逆に地元の人に来てもらえるようにと、新聞の折込チラシをつくり、近隣の人にはワインボトルをプレゼントするようなフェアを行った。

10月にオープンし、はじめの1ヶ月は大盛況だったという。

ところが秋の紅葉が終わりピークの過ぎた鎌倉からは観光客が減り、11月からお店にはお客さんがいなくなってしまった。

「地元の人たちも『大丈夫?』と。このままだと本当に潰れるかもしれないって状況になると、ご飯食べにくるよって応援してくれる地元の方が増えてきて」

「口コミで広がっていって、GWにはハムステーキが売り切れた。そのときは、鎌倉ハムさんは休みなのに職人さんが『今から2キロ持って行くから!』って」

tgp07 実はオープンまでの開発に2年も費やしたのだという。

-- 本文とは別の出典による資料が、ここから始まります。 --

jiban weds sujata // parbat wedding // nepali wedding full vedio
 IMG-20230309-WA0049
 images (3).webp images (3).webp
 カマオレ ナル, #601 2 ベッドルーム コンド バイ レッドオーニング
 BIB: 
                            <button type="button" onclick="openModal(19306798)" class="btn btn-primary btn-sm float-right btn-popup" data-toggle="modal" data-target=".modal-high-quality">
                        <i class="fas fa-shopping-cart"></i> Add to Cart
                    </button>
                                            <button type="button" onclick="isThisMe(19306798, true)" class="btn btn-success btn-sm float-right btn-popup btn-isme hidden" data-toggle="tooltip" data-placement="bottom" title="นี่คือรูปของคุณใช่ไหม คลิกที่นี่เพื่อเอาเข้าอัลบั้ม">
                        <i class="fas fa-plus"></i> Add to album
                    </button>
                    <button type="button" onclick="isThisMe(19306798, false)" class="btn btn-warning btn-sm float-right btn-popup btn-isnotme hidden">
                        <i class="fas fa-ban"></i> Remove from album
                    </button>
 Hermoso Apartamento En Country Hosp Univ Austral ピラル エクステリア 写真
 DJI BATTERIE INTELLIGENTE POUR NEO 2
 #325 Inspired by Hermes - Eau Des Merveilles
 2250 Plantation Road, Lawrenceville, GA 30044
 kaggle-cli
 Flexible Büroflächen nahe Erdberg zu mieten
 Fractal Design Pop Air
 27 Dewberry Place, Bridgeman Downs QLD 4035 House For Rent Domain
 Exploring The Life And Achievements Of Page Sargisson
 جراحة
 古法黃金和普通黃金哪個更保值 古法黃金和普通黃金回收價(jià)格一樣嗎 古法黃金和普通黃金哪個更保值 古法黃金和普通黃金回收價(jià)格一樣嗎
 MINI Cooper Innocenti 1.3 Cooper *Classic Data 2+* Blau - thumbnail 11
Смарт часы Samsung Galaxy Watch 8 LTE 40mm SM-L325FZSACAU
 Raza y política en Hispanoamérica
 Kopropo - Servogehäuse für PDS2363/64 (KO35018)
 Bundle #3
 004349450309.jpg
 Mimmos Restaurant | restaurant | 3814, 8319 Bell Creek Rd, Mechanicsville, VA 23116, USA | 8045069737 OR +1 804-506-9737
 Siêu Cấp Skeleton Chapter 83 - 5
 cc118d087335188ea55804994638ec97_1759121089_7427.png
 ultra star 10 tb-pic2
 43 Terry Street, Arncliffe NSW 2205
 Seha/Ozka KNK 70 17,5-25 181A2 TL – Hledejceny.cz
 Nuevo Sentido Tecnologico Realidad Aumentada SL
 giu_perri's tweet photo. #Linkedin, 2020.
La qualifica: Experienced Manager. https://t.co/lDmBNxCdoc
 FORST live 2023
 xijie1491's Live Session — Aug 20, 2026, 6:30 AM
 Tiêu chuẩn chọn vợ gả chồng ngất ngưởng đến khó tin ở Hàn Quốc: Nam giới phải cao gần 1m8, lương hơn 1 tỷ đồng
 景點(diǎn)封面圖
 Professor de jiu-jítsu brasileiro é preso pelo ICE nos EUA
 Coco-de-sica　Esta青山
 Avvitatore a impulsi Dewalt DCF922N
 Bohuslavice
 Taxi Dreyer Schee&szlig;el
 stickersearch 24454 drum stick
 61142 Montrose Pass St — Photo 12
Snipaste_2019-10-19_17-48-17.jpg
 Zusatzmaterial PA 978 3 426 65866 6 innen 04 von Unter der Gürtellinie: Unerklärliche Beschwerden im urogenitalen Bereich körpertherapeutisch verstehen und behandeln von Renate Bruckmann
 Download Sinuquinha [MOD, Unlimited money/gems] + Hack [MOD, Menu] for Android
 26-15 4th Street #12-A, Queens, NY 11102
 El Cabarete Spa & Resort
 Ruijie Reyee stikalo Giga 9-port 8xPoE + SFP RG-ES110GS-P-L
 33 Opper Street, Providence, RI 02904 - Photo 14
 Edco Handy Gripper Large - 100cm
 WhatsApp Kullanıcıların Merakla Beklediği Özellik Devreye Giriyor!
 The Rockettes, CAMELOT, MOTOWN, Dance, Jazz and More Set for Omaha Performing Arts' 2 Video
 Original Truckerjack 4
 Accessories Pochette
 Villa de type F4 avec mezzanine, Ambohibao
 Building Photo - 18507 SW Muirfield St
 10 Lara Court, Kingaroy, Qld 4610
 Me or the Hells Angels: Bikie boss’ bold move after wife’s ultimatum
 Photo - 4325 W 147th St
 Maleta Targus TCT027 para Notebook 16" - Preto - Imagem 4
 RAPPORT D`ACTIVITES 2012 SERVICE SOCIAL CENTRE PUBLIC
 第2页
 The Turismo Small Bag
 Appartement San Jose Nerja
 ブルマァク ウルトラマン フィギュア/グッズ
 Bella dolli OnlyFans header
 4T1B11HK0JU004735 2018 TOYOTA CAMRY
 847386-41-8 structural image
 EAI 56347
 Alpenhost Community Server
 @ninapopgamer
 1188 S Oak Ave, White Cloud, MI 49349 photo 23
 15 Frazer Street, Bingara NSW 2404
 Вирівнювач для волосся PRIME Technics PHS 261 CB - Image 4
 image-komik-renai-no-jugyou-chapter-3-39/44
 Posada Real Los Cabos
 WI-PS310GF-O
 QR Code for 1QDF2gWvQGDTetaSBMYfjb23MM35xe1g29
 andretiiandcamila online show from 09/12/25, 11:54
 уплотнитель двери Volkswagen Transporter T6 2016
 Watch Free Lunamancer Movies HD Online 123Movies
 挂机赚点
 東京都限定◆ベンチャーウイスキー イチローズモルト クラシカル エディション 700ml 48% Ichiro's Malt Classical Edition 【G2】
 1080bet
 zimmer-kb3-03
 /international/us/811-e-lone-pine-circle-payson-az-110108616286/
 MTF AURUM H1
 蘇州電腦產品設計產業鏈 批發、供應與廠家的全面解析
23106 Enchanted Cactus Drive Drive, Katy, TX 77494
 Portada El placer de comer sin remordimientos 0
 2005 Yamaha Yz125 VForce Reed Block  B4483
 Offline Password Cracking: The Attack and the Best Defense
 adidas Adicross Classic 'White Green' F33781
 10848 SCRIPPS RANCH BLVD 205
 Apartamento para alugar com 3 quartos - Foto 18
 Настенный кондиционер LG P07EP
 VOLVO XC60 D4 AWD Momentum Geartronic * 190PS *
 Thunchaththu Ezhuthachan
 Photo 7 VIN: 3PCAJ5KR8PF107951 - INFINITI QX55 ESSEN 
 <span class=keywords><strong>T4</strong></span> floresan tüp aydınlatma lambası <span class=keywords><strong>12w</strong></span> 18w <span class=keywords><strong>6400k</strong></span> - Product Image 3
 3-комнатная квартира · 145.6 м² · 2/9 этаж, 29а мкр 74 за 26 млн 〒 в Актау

これだけ地道なことを繰り返していたなんて、お店や会社の雰囲気からは全く想像つかなかった。

目先のことに終始するのではなく、一つひとつ丁寧にまちの文脈を紡いできた結果なんだと思う。

 
宮田應大さんは、そんなTHINK GREEN PRODUCEの考えやコンサルティングに共感して今年7月に入社しました。

dsc_0958 川又さんの下につきコンサルティングを担当。これまでも建築や不動産に関わってきたかというとそうではなく、前職は広告代理店で働いていた。

「学生時代からイベントを運営していた経験から、リアルに人が動いたり集まることに興味があって。その会社ではイベントやキャンペーンなどのプロモーション領域の仕事を10年くらいやっていました。けど、だんだん疑問に感じる部分が生まれてきて」

疑問?

「それは本質的に人の役に立つとか、それがあってよかったっていう思いを誰かに届けられているんだろうかって」

「一過性の話題を重視した広告視点よりも、繰り返し長く残り続ける事業視点から人を動かすことのほうが自分の価値観に沿っている。そう思って転職を考えるようになりました」

様々な会社の面接を受けてみたものの、しっくりくるところはなかなか見つからなかった。

どうしようか悩んでいるところ、宮田さんの家のリフォームを手掛けた建築家の方がTHINK GREEN PRODUCEを教えてくれたという。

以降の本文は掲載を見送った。